◆ **WORKING DATA**

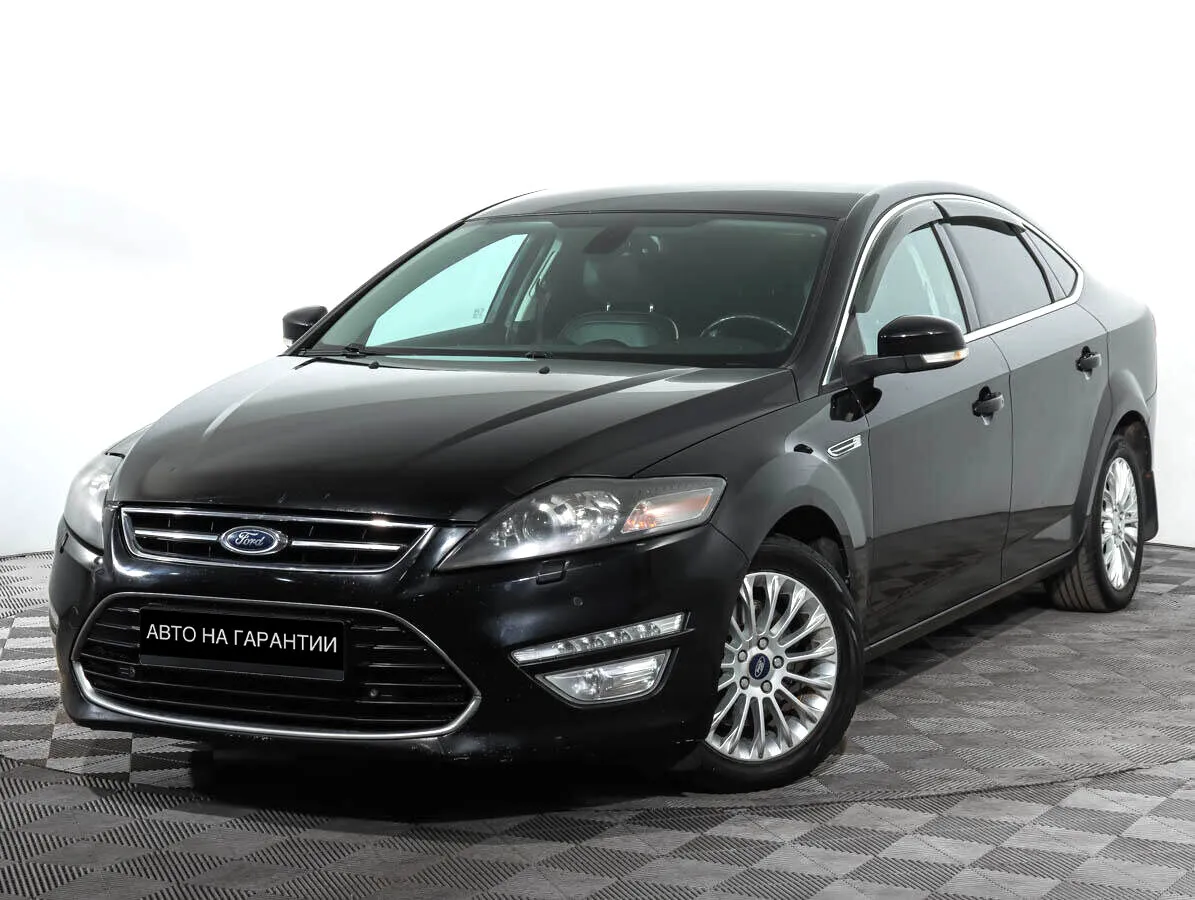 Ford Mondeo IV Рестайлинг · Trend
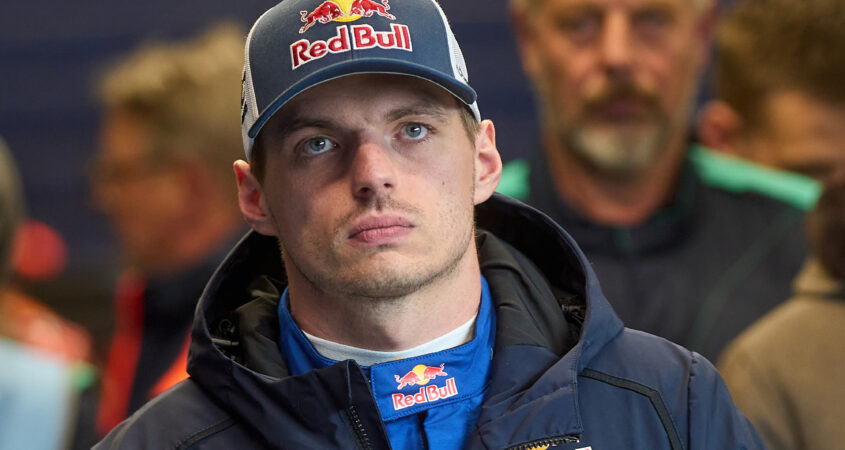 Verstappen Nürburgring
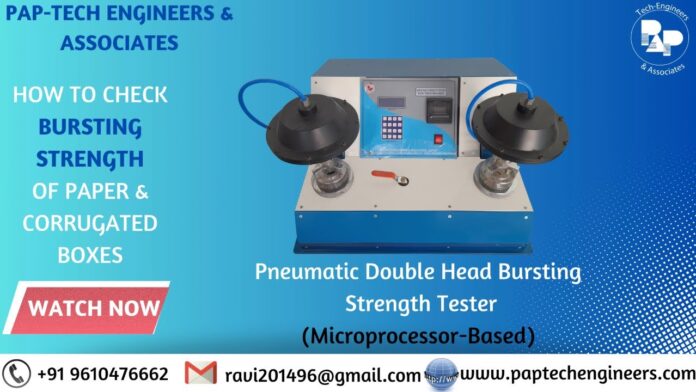 “THIẾT BỊ KIỂM TRA ĐỘ BỀN PHÁ BẰNG KHÍ NÉN DOUBLE HEAD || THIẾT BỊ KIỂM TRA ĐỘ BỀN PHÁ || HÃNG PAP-TECH”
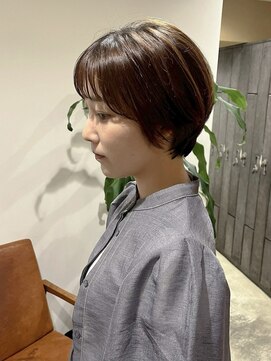 リュミエ ドゥ マッシュ(Lumier de mashu) すっきりショートカット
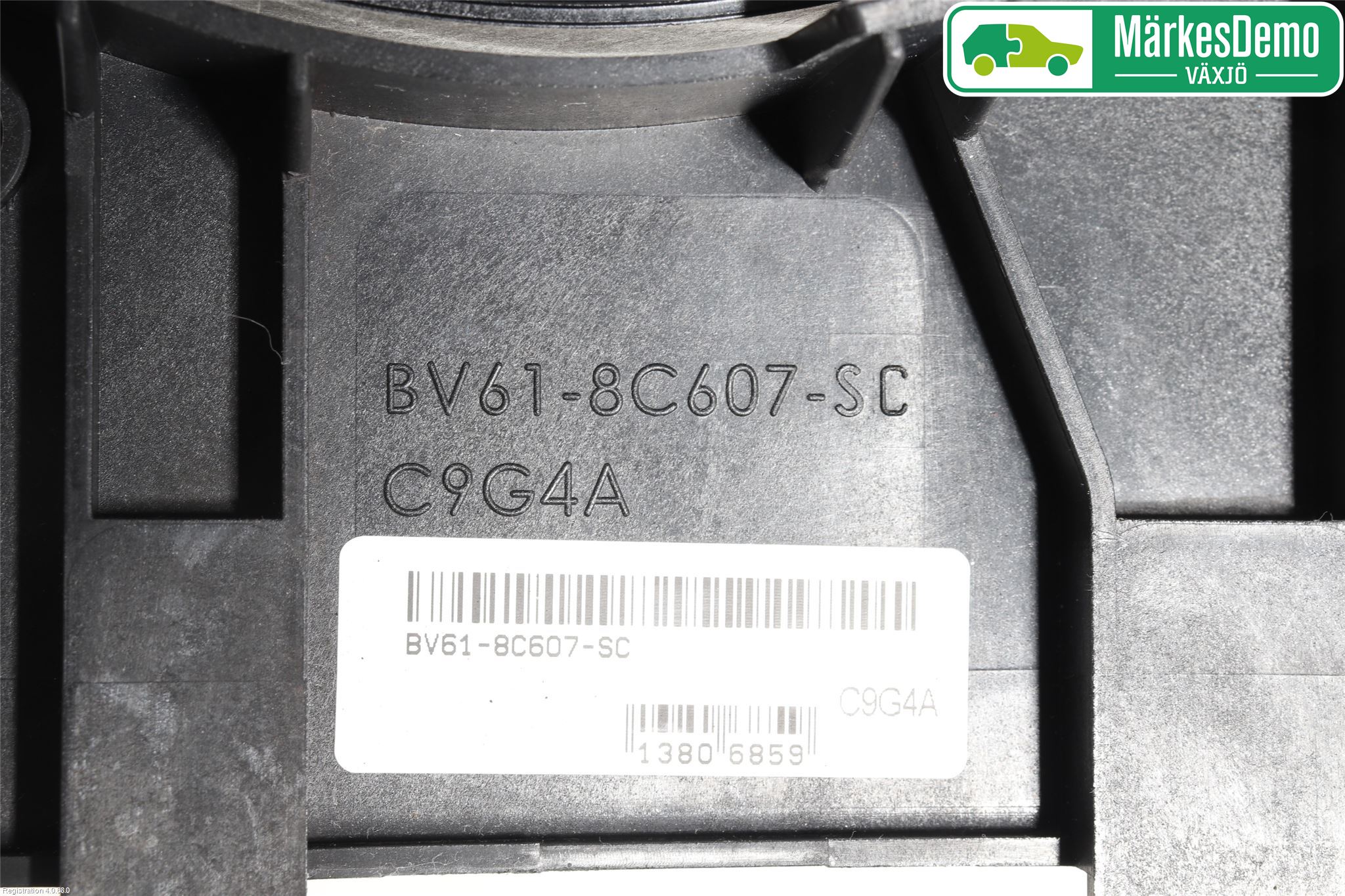 Ford FOCUS 15-18 Kylfläkt El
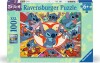 Disney Puslespil - Stitch - 100 Xxl Brikker - Ravensburger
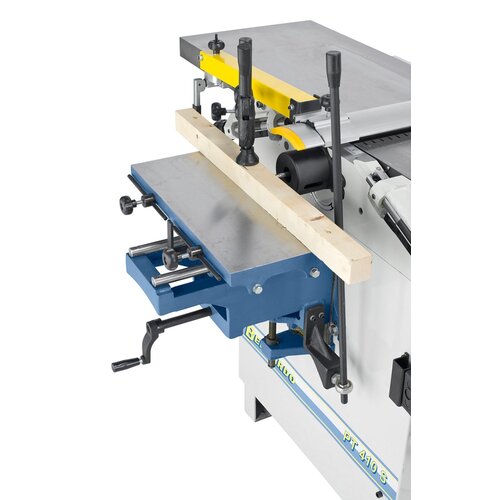 La mortajadora es ideal para barrenos largos, perforaciones oblicuas y de clavijas, etc.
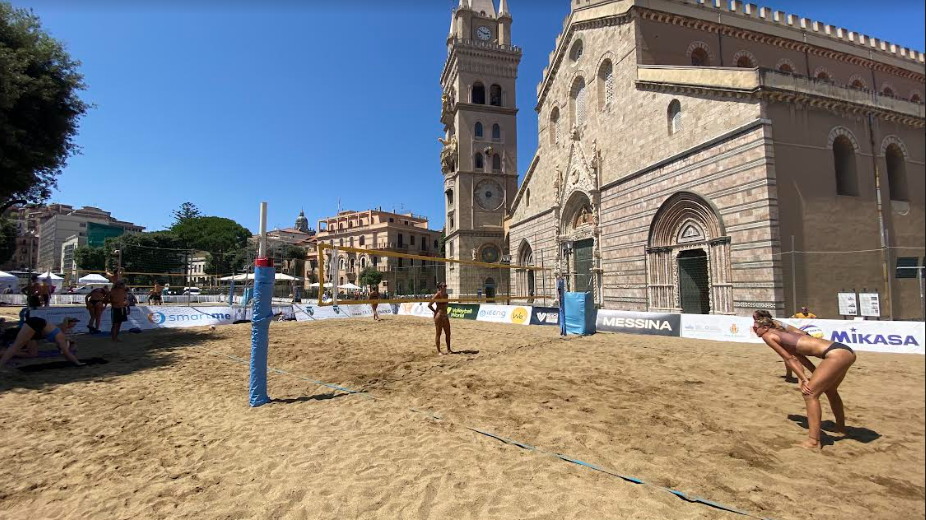beach volley pro tour messina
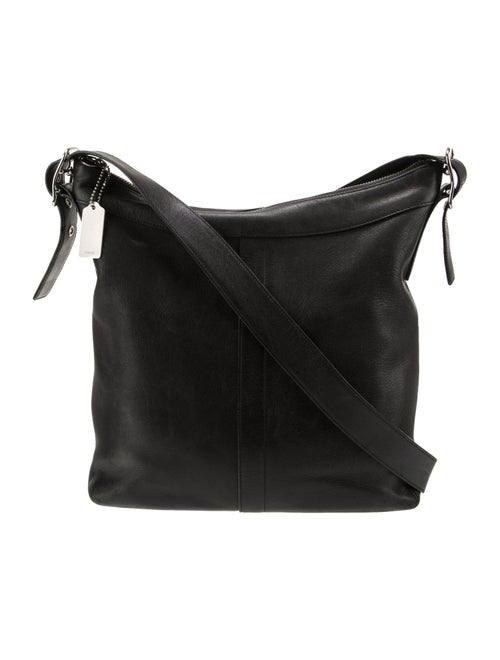 Coach Leather Messenger Bag
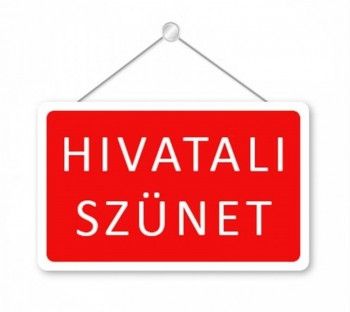 Igazgatási szünet lesz a halasi városházán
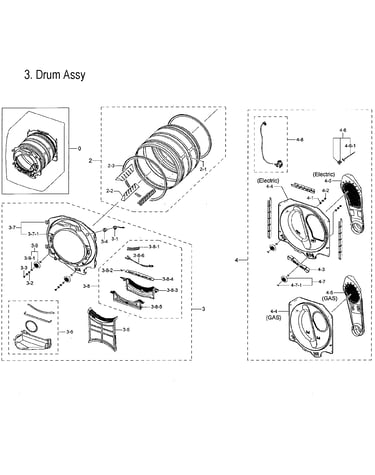 Drum assy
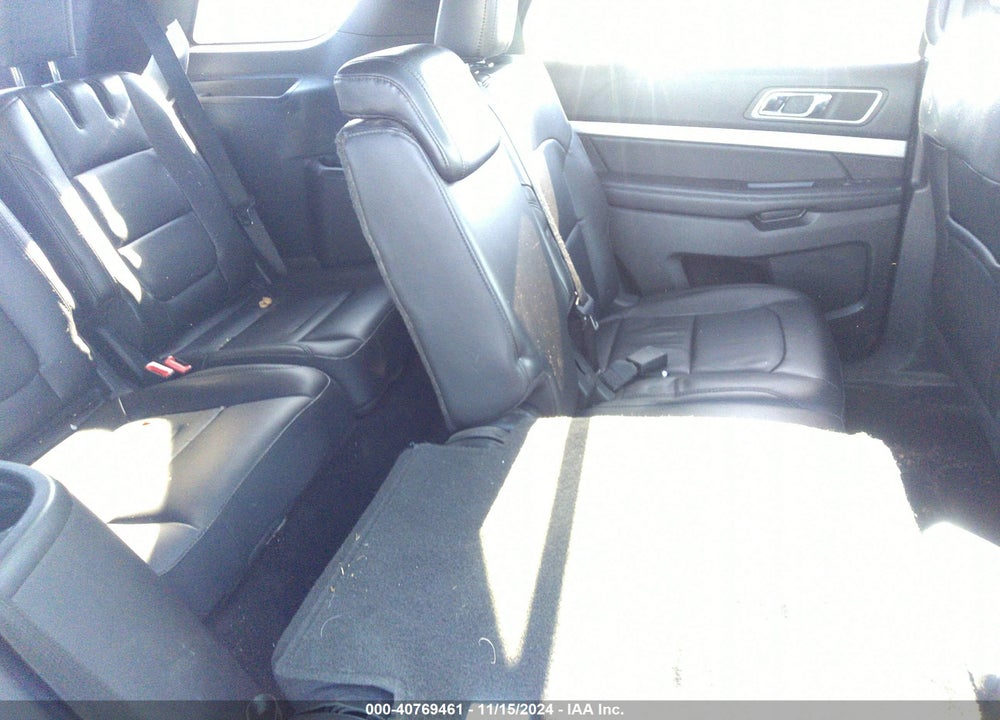 2017 FORD EXPLORER XLT VIN: 1FM5K8D87HGD33812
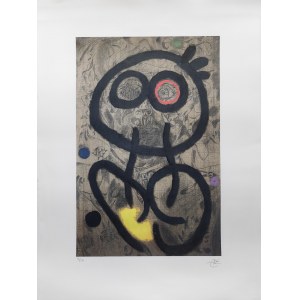 Joan Miro (1893-1983), Autoporret I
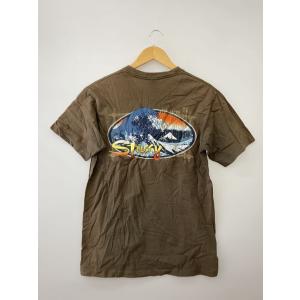 STUSSY◆90s/USA製/紺タグ/北斎/...の詳細画像1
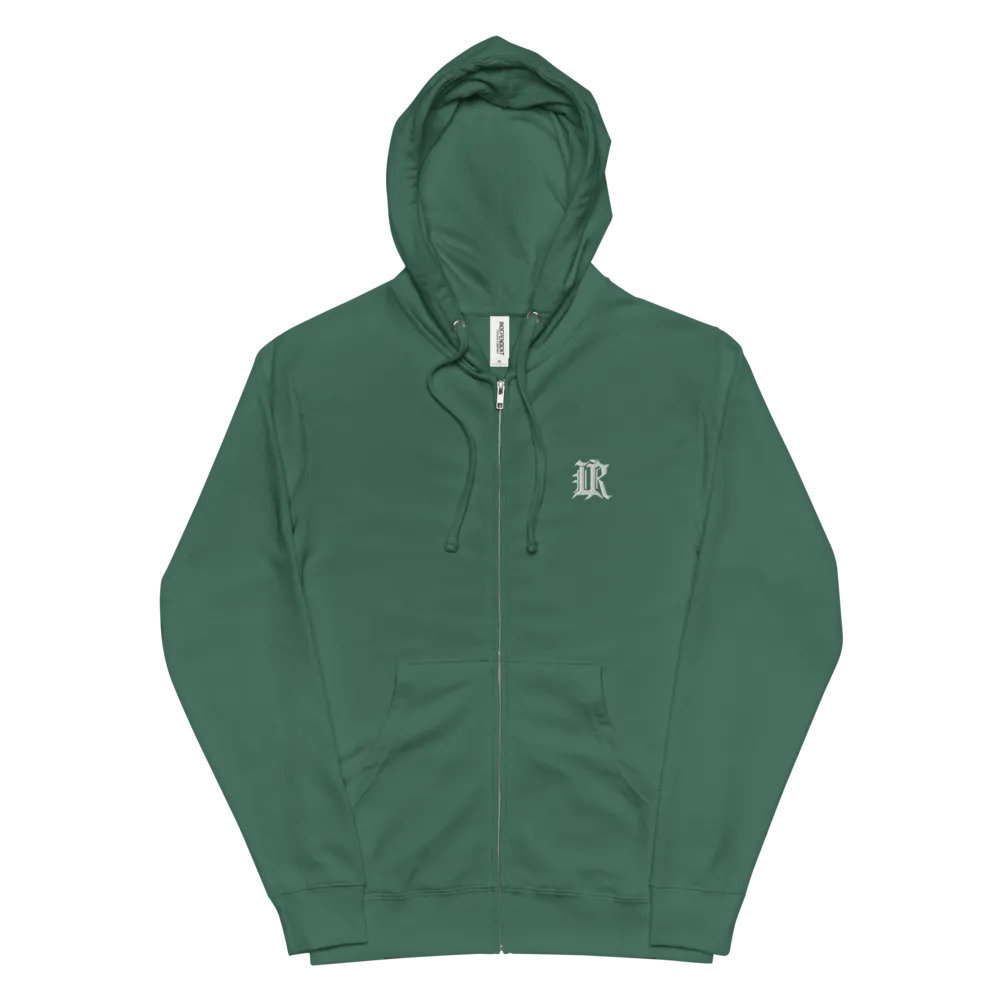 Logo Zipped Hoodie (Embroidered) product image (54)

◆ **THE TASK**
Skip the pictures and output all entries exactly.

◆ **WRITTEN SOLUTION**
 Ford Mondeo IV Рестайлинг · Trend
 Verstappen Nürburgring
 “THIẾT BỊ KIỂM TRA ĐỘ BỀN PHÁ BẰNG KHÍ NÉN DOUBLE HEAD || THIẾT BỊ KIỂM TRA ĐỘ BỀN PHÁ || HÃNG PAP-TECH”
 リュミエ ドゥ マッシュ(Lumier de mashu) すっきりショートカット
 Ford FOCUS 15-18 Kylfläkt El
 Disney Puslespil - Stitch - 100 Xxl Brikker - Ravensburger
 La mortajadora es ideal para barrenos largos, perforaciones oblicuas y de clavijas, etc.
beach volley pro tour messina
 Coach Leather Messenger Bag
 Igazgatási szünet lesz a halasi városházán
 Drum assy
 2017 FORD EXPLORER XLT VIN: 1FM5K8D87HGD33812
 Joan Miro (1893-1983), Autoporret I
 STUSSY◆90s/USA製/紺タグ/北斎/...の詳細画像1
 Logo Zipped Hoodie (Embroidered) product image (54)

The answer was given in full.